WORK REQUIRED :: Your task is to retype all of the records below with complete accuracy.

Short text fragments from websites

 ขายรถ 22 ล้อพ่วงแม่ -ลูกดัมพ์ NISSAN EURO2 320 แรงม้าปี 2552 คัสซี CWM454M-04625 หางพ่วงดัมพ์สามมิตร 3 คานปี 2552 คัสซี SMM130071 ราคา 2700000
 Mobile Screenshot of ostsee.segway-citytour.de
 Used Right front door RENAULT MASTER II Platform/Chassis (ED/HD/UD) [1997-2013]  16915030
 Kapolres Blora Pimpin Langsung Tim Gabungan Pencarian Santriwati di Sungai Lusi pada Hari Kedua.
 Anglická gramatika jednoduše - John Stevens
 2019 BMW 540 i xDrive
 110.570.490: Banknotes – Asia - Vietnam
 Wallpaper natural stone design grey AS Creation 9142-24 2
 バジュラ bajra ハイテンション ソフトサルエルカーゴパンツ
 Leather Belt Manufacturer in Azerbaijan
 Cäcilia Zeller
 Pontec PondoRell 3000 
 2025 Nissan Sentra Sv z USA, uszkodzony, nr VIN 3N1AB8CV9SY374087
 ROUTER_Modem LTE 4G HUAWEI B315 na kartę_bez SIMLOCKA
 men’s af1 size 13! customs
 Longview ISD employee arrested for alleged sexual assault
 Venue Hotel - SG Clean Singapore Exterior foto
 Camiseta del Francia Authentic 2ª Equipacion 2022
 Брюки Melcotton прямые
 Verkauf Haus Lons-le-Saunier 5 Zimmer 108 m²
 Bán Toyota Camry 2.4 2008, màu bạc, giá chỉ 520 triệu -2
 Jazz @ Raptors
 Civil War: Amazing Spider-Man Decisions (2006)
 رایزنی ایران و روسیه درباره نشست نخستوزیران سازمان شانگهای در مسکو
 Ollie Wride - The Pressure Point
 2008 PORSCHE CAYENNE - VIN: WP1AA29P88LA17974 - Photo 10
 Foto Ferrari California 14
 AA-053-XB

OUTPUT OF THE EXERCISE ::
 ขายรถ 22 ล้อพ่วงแม่ -ลูกดัมพ์ NISSAN EURO2 320 แรงม้าปี 2552 คัสซี CWM454M-04625 หางพ่วงดัมพ์สามมิตร 3 คานปี 2552 คัสซี SMM130071 ราคา 2700000
 Mobile Screenshot of ostsee.segway-citytour.de
 Used Right front door RENAULT MASTER II Platform/Chassis (ED/HD/UD) [1997-2013]  16915030
 Kapolres Blora Pimpin Langsung Tim Gabungan Pencarian Santriwati di Sungai Lusi pada Hari Kedua.
 Anglická gramatika jednoduše - John Stevens
 2019 BMW 540 i xDrive
 110.570.490: Banknotes – Asia - Vietnam
 Wallpaper natural stone design grey AS Creation 9142-24 2
 バジュラ bajra ハイテンション ソフトサルエルカーゴパンツ
 Leather Belt Manufacturer in Azerbaijan
 Cäcilia Zeller
 Pontec PondoRell 3000 
 2025 Nissan Sentra Sv z USA, uszkodzony, nr VIN 3N1AB8CV9SY374087
 ROUTER_Modem LTE 4G HUAWEI B315 na kartę_bez SIMLOCKA
 men’s af1 size 13! customs
 Longview ISD employee arrested for alleged sexual assault
 Venue Hotel - SG Clean Singapore Exterior foto
 Camiseta del Francia Authentic 2ª Equipacion 2022
 Брюки Melcotton прямые
 Verkauf Haus Lons-le-Saunier 5 Zimmer 108 m²
 Bán Toyota Camry 2.4 2008, màu bạc, giá chỉ 520 triệu -2
 Jazz @ Raptors
 Civil War: Amazing Spider-Man Decisions (2006)
 رایزنی ایران و روسیه درباره نشست نخستوزیران سازمان شانگهای در مسکو
 Ollie Wride - The Pressure Point
 2008 PORSCHE CAYENNE - VIN: WP1AA29P88LA17974 - Photo 10
 Foto Ferrari California 14
 AA-053-XB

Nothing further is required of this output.